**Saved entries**
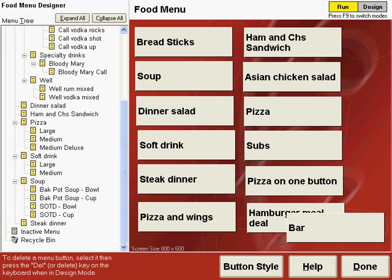This is the Tips and Shortcuts section of the menu training. In this section, we'll be talking about a number of things that will let you customize the menu and Point of Success to fit exactly how your restaurant or bar works. You can refer to the Tips and Shortcuts section of the menu training booklet to see the topics of this section of the training.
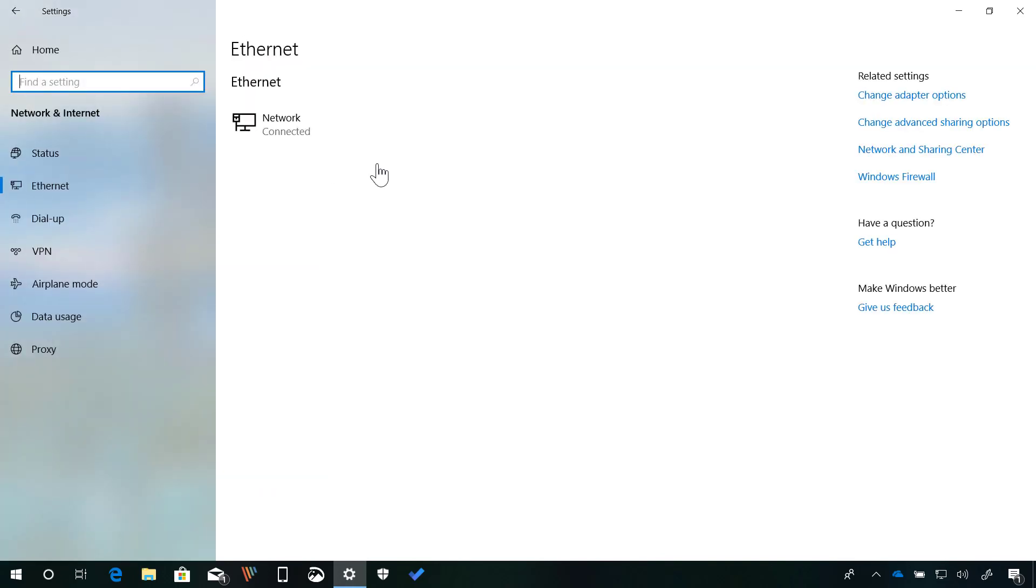In addition, in the ethernet page you will now notice that the name of the adapter will appear under the ethernet header so that you can easily identify the adapters at a glance when you have multiple network cards.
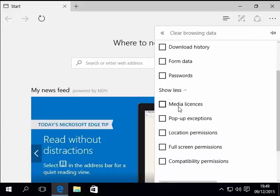Under show more, we can also clear media licenses, pop-up exceptions, location permissions, full screen permissions and compatibility permissions.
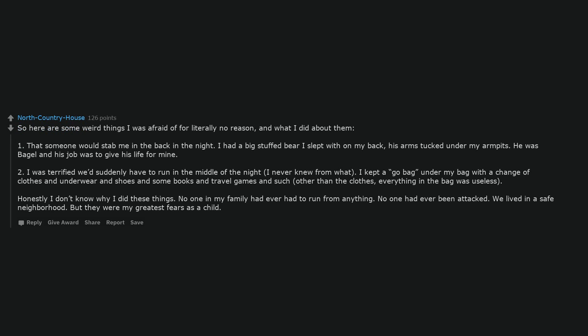So here are some weird things I was afraid of for literally no reason, and what I did about them. 1. That someone would stab me in the back in the night. I had a big stuffed bear I slept with on my back, his arms tucked under my armpits. He was Bagel and his job was to give his life for mine. 2. I was terrified we'd suddenly have to run in the middle of the night, I never knew from what. I kept a go bag under my bag with a change of clothes and underwear and shoes and some books and travel games and such. Other than the clothes, everything in the bag was useless.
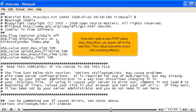Now let's add a new PHP value. PHP flag allow URL fopen off to the next line. This value prevents cross-site scripting attacks.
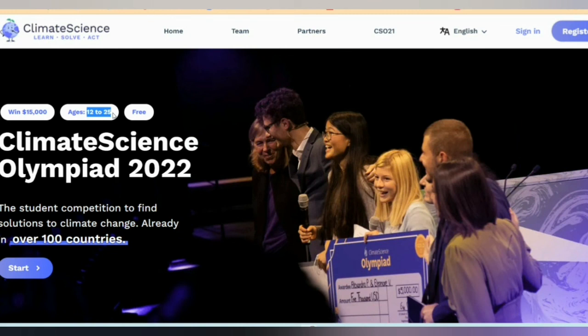We need to submit our team registration information and request registration if needed. So we need to get interested in climate science. I am interested in this program and encourage you to register in August 2022.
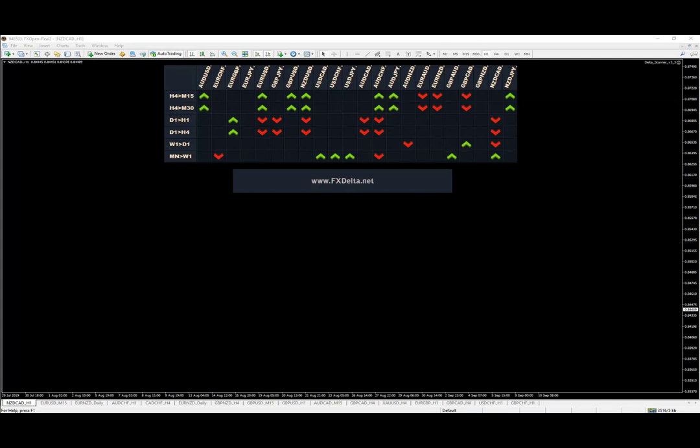Hello guys, how are you doing? In this video I would like to share with you one opportunity that comes from the Forex Delta software.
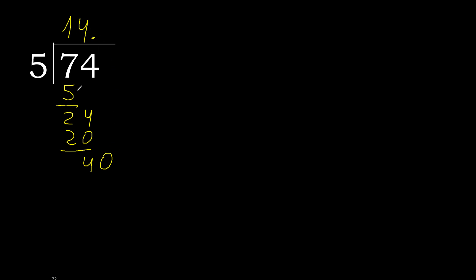0 point. 40. 5 multiplied by 8 is 40, it is not greater. 40 minus 40, 0. 0.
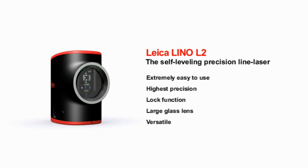The Leica Lino L2 projects lines accurate to the millimeter, leaving your hands free to get on with your work.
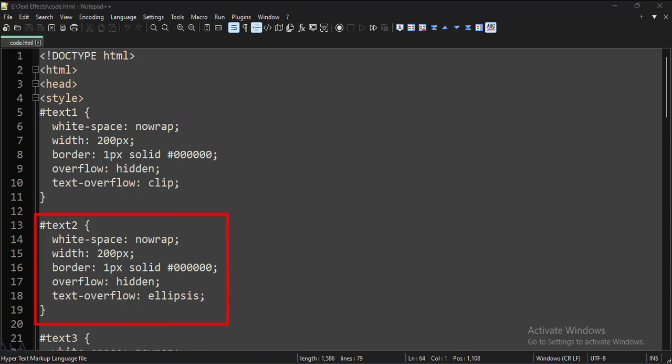Here we have applied the same CSS, except that we have set the text-overflow attribute to ellipsis, so the long text would be cut within the boundary of the paragraph tag, but three dots will be shown at the end so that the user will understand that this is some long text.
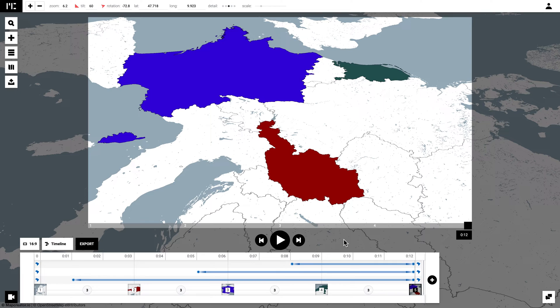As you can see on the timeline, it displays when something ends, when something finishes, what the transition time is, and when each keyframe appears.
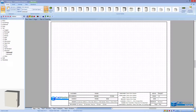Welcome to Cabmaster Software. Today we're going to be going through how to build a sloped cabinet. You will need a late version 9 Cabmaster build and library. If you don't have that, please contact support and we can upgrade you to a later version.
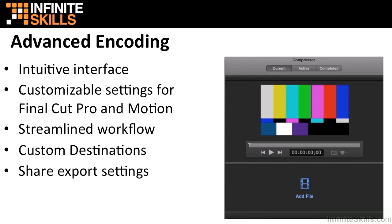You can scrub through your video with frame-accurate timecode controls, trim media, and instantly see how effects and filters will look when applied to your audio and video.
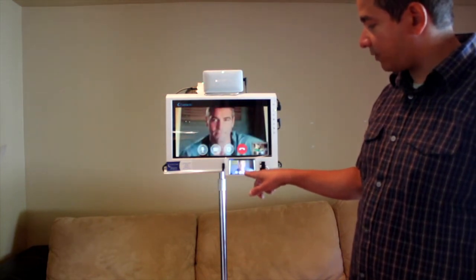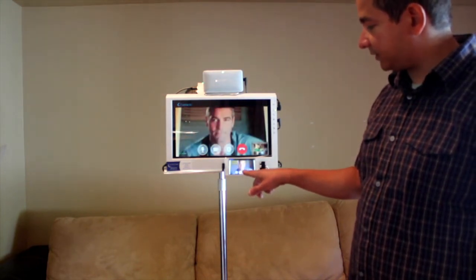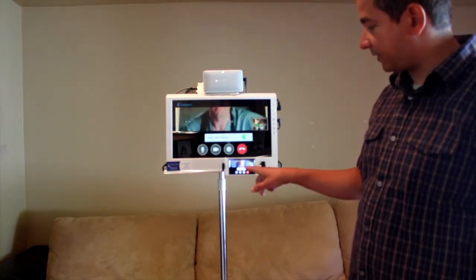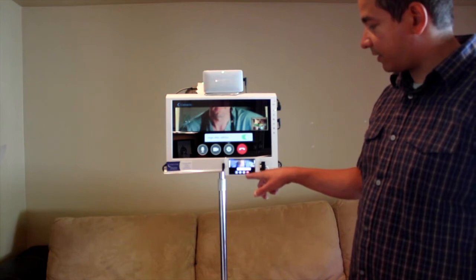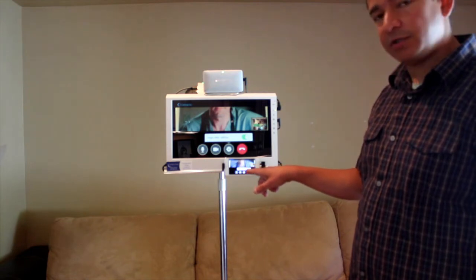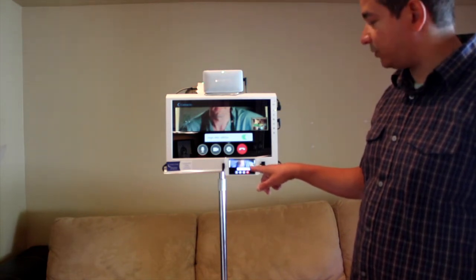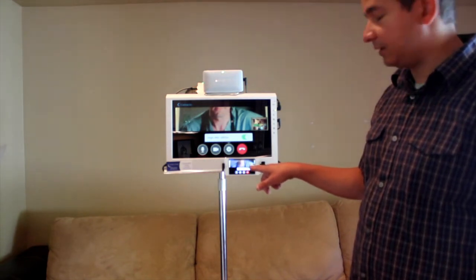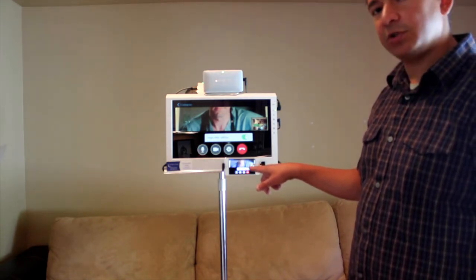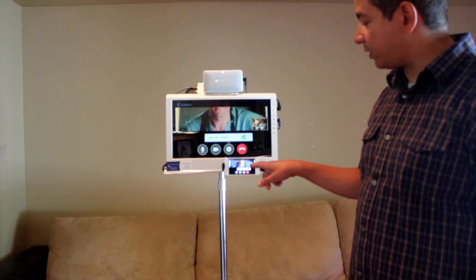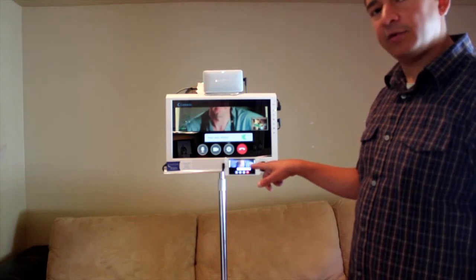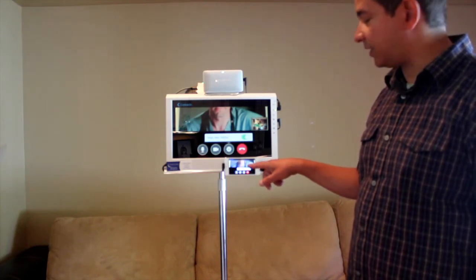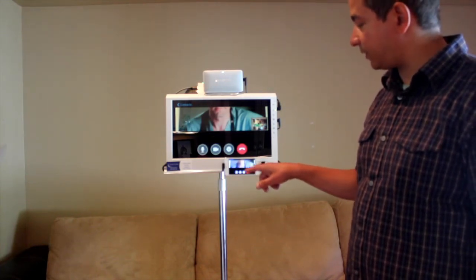There's also a cog wheel next to that — that's a system icon. It enables you to change the resolution; you want to keep it in the default resolution. It also enables you to turn on the flashlight if you're using the rear camera.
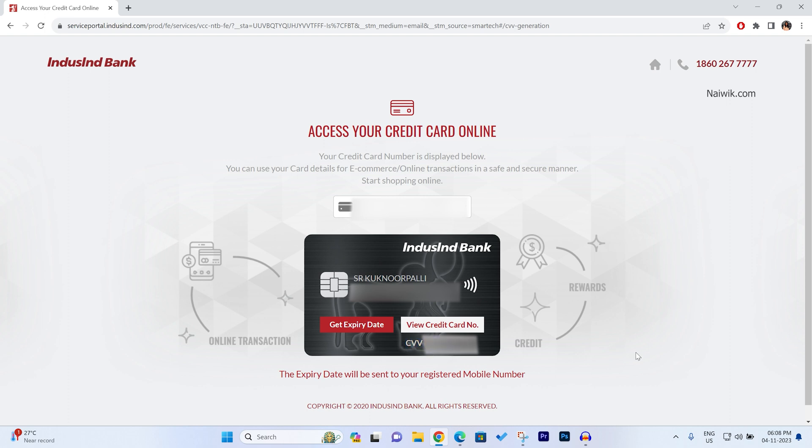So that's it guys. In this way, you can access your Digital IndusInd Credit Card online. Hope you like this video. Please do subscribe to our channel.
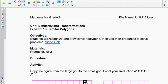Good morning. Today we're going to do lesson 7.3 on similar polygons. We're going to start with drawing some reductions and enlargements, then show you how to prove that they're similar, and after that we're going to move on to using those properties to solve some problems.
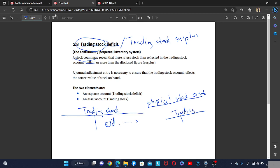The trading stock deficiency is an expense account, meaning it increases on the debit side and decreases on the credit side. It is an expense account because the business is making a loss — they thought they had a certain amount in the general ledger, but after counting one by one, the physical stock is less than what the general ledger shows.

**Exercise instructions**
Write out the entries again word for word. Do not include the pictures.

**Solution**
This is the Tips and Shortcuts section of the menu training. In this section, we'll be talking about a number of things that will let you customize the menu and Point of Success to fit exactly how your restaurant or bar works. You can refer to the Tips and Shortcuts section of the menu training booklet to see the topics of this section of the training.
In addition, in the ethernet page you will now notice that the name of the adapter will appear under the ethernet header so that you can easily identify the adapters at a glance when you have multiple network cards.
Under show more, we can also clear media licenses, pop-up exceptions, location permissions, full screen permissions and compatibility permissions.
So here are some weird things I was afraid of for literally no reason, and what I did about them. 1. That someone would stab me in the back in the night. I had a big stuffed bear I slept with on my back, his arms tucked under my armpits. He was Bagel and his job was to give his life for mine. 2. I was terrified we'd suddenly have to run in the middle of the night, I never knew from what. I kept a go bag under my bag with a change of clothes and underwear and shoes and some books and travel games and such. Other than the clothes, everything in the bag was useless.
Now let's add a new PHP value. PHP flag allow URL fopen off to the next line. This value prevents cross-site scripting attacks.
We need to submit our team registration information and request registration if needed. So we need to get interested in climate science. I am interested in this program and encourage you to register in August 2022.
Hello guys, how are you doing? In this video I would like to share with you one opportunity that comes from the Forex Delta software.
0 point. 40. 5 multiplied by 8 is 40, it is not greater. 40 minus 40, 0. 0.
The Leica Lino L2 projects lines accurate to the millimeter, leaving your hands free to get on with your work.
Here we have applied the same CSS, except that we have set the text-overflow attribute to ellipsis, so the long text would be cut within the boundary of the paragraph tag, but three dots will be shown at the end so that the user will understand that this is some long text.
As you can see on the timeline, it displays when something ends, when something finishes, what the transition time is, and when each keyframe appears.
Welcome to Cabmaster Software. Today we're going to be going through how to build a sloped cabinet. You will need a late version 9 Cabmaster build and library. If you don't have that, please contact support and we can upgrade you to a later version.
You can scrub through your video with frame-accurate timecode controls, trim media, and instantly see how effects and filters will look when applied to your audio and video.
There's also a cog wheel next to that — that's a system icon. It enables you to change the resolution; you want to keep it in the default resolution. It also enables you to turn on the flashlight if you're using the rear camera.
So that's it guys. In this way, you can access your Digital IndusInd Credit Card online. Hope you like this video. Please do subscribe to our channel.
Good morning. Today we're going to do lesson 7.3 on similar polygons. We're going to start with drawing some reductions and enlargements, then show you how to prove that they're similar, and after that we're going to move on to using those properties to solve some problems.
The trading stock deficiency is an expense account, meaning it increases on the debit side and decreases on the credit side. It is an expense account because the business is making a loss — they thought they had a certain amount in the general ledger, but after counting one by one, the physical stock is less than what the general ledger shows.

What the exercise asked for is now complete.